If you'd asked me before November 19th, 2006 if I thought I would "bell" the CAT, I would have told you that I was confident of getting a ninety-nine percentile, but not of clearing all the sectional cut-offs.

Which goes to show why you must never ever think you "know" CAT. They removed the English Usage section, which was what used to get me a ninety-nine point whatever percentile, but the other sections went well, and I was hopeful, since no one seemed to be able to give the correct answer key for the English section.

I got a 98.6 percentile in CAT 2006. Cleared all the sectional cut-offs with above 96 in two sections and above 95 in one. I got to know the result yesterday, and I was absolutely down-in-the-dumps because it seemed to rule out the top three IIM's.

So today morning, my parents woke me up at six to check the IIMA call list. I got up reluctantly, because I "knew" that I wouldn't make it through. "Just tell us your registration number," they said. "We'll check it." Of course, I couldn't let them do that, and I checked it myself. But the page wasn't loading.

So I went to PagalGuy, to check what people were saying there. And on the IIMA call thread, I learnt that IIMA had mentioned the selection criteria (I suppose because they knew they would have to do it eventually, thanks to the RTI Act) - candidates whose percentile in each section was above 95.33 and who have an overall percentile above 98.3 have been called for the GD & PI. Oh man, I couldn't sit still after reading that!

But the page still wasn't loading! Ah, such agonizing minutes. But finally it did load, and I keyed in my number and date of birth, and TADA!

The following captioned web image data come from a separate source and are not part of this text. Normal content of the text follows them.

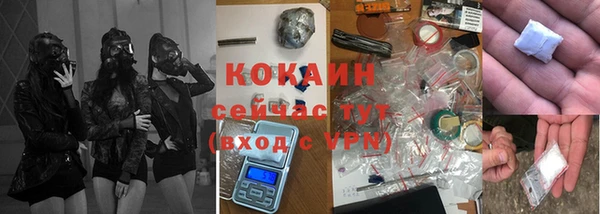 шишки Абинск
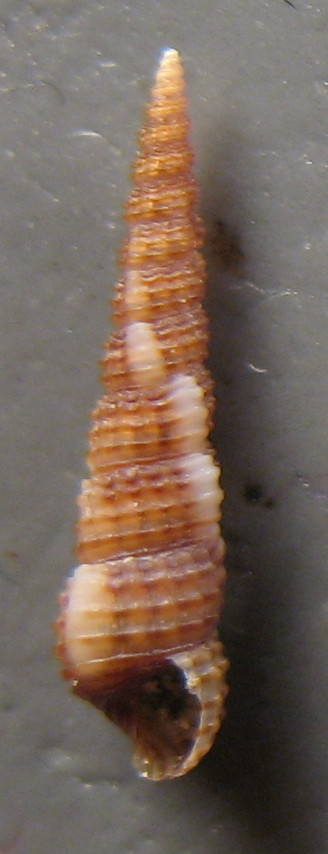 Cerithiidae: Gen. Bittium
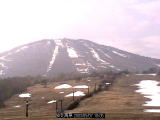 licam03-05-07-101.jpg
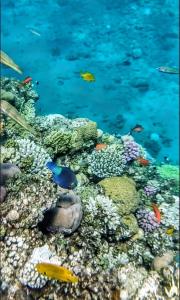 Happy Life Village Dahab - 13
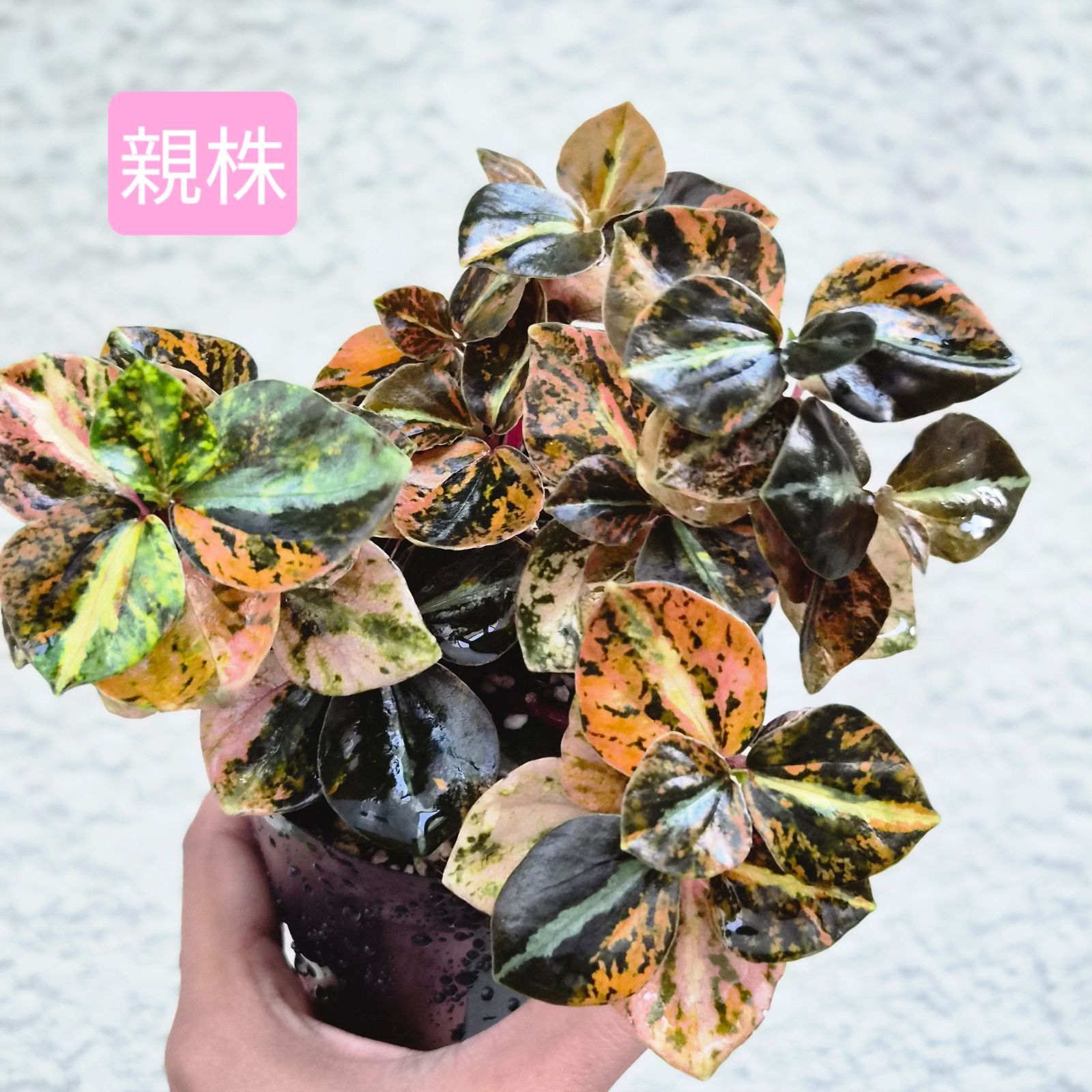 ①《Peperomia Metalica Orange Variegated》ペペロミア メタリカ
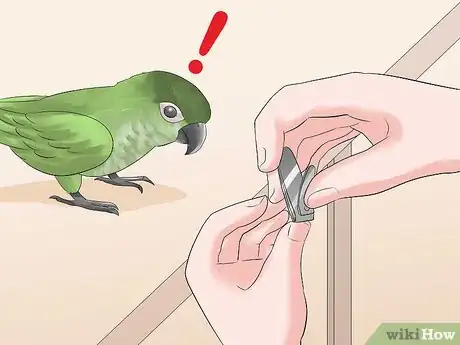 Image titled Keep a Conure Groomed Step 7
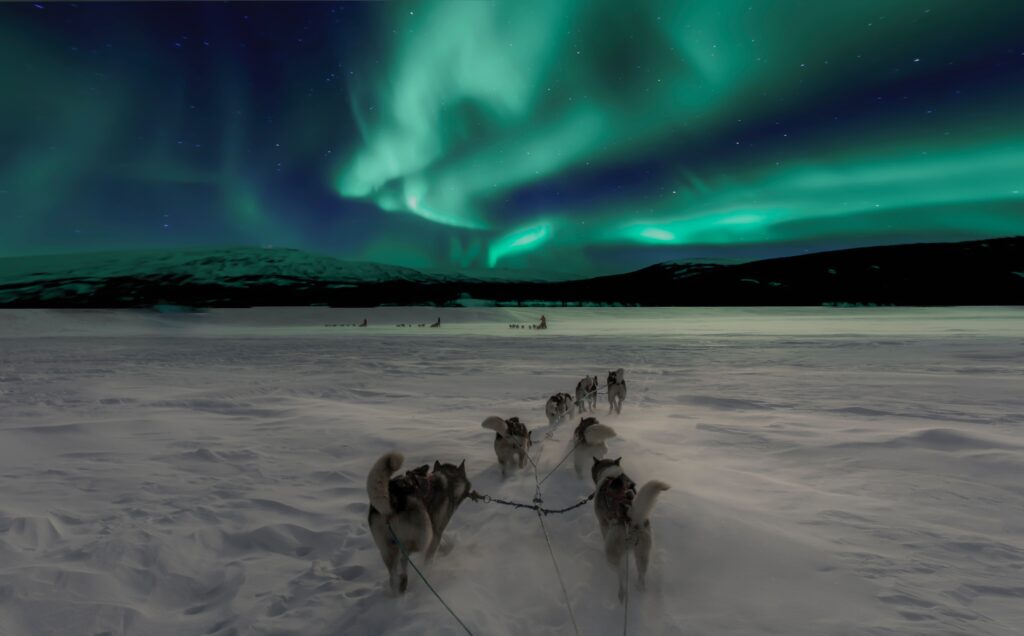Kirkenes-sled-dogs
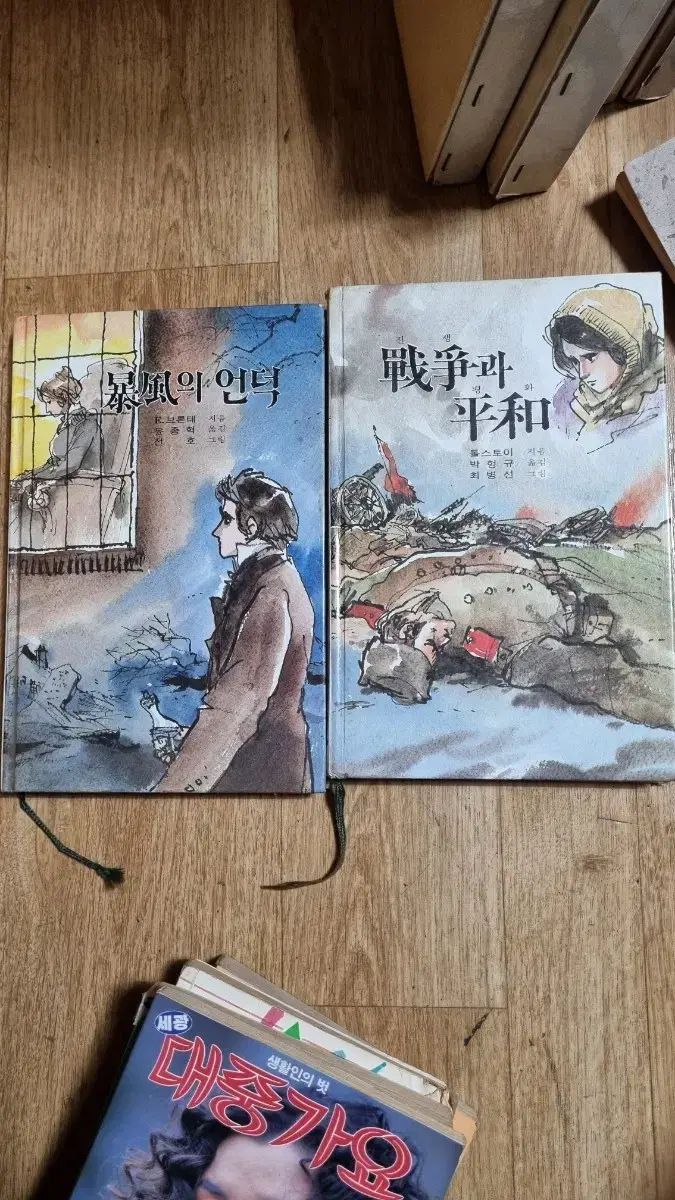 嵐が丘 戦争と平和 小説セット 全号 チェ ビョンソン絵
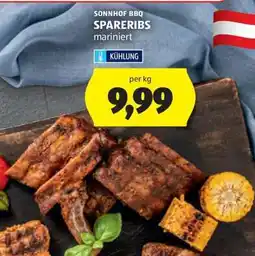 Hofer SONNHOF BBQ SPARERIBS mariniert Angebot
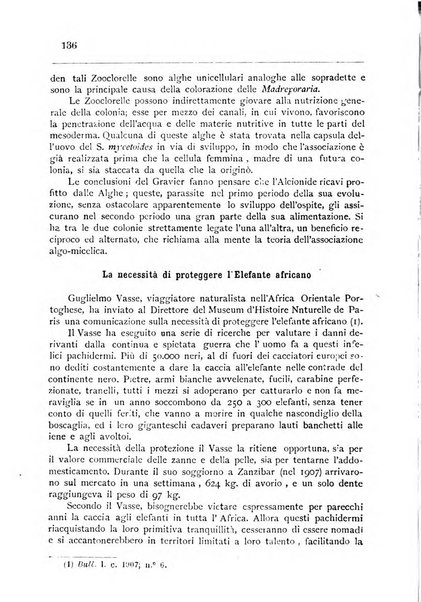 Bollettino della Società africana d'Italia periodico mensile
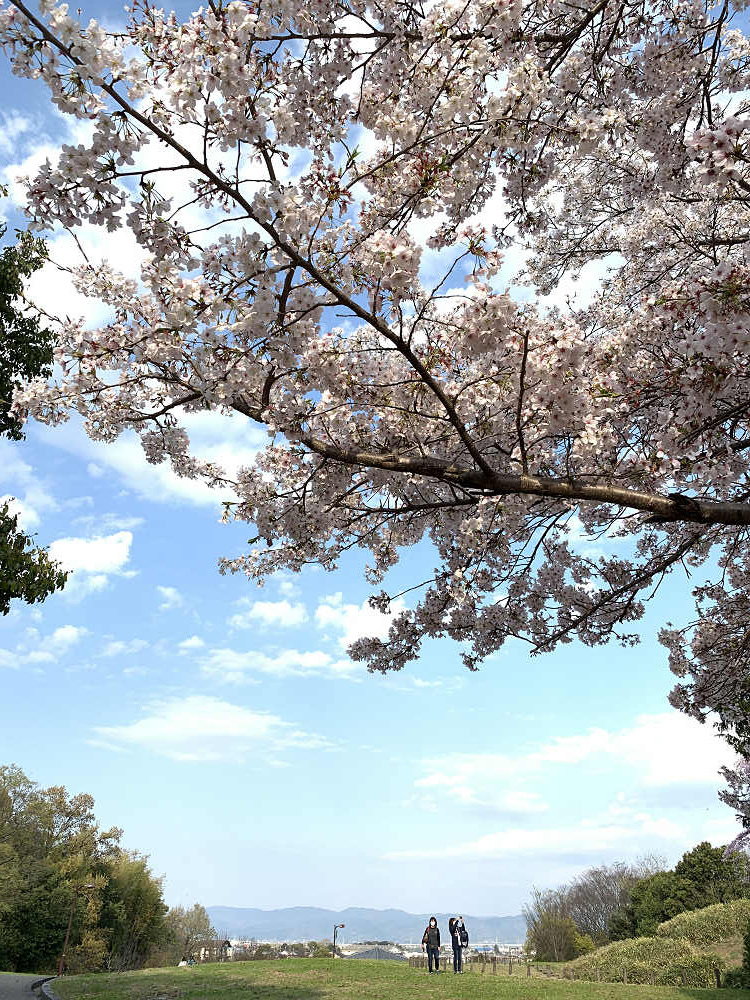 チューリップと桜@馬見丘陵公園-05 チューリップと桜@馬見丘陵公園-05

You have been short-listed for Group Discussion and Personal Interview for admission to PGP (2007-2009 batch), IIMA. You are requested to visit the website on or after January 10, 2007 to check for Interview date, time and venue.

You will receive our official letter soon.

Whee! Did I mention that I love the world? And all that's in it? Which includes you?

I don't care if I'm at a disadvantage among all those ninety-nine percentile engineers with work-ex. I'm a fresher and I got a call! 1,53,000 people wrote it, 608 people got calls in the General category, and I'm one of them. Damn, but this feels good.
• • •

Sunday, December 24, 2006

First Call

The IIFT exam results came out yesterday and I got a call! How brilliant is that?

I was outside Venky, having lunch from one of those roll places, and Mani messaged me, "Congrats on IIFT." Very matter-of-fact and all, and I obviously couldn't believe it, because the exam had gone so badly. I told my friend, "I think I might have got through IIFT." And she was more excited than I was. I messaged him back immediately, "Seriously? You had better not have been joking, Mani." Yeah, that's how I message. But, bleh, I didn't get the delivery report for another fifteen minutes, and by then I'd decided to just call him up and ask and he said, "Haan, haan, yaar. Maine dekha hai tera naam." Or something to that effect. Whee! I didn't do a little jig at the bus stop but it was a close thing.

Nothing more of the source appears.